▶ [INPUT]
***
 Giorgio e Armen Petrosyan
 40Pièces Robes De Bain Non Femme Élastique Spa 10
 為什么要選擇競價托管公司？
***
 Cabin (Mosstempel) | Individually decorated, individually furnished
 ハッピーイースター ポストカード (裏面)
***
Within the material above, the line with "Giorgio e Armen Petrosyan" opens the range and the line with "為什么要選擇競價托管公司？" closes it; reproduce that range word for word.

 Giorgio e Armen Petrosyan
 40Pièces Robes De Bain Non Femme Élastique Spa 10
 為什么要選擇競價托管公司？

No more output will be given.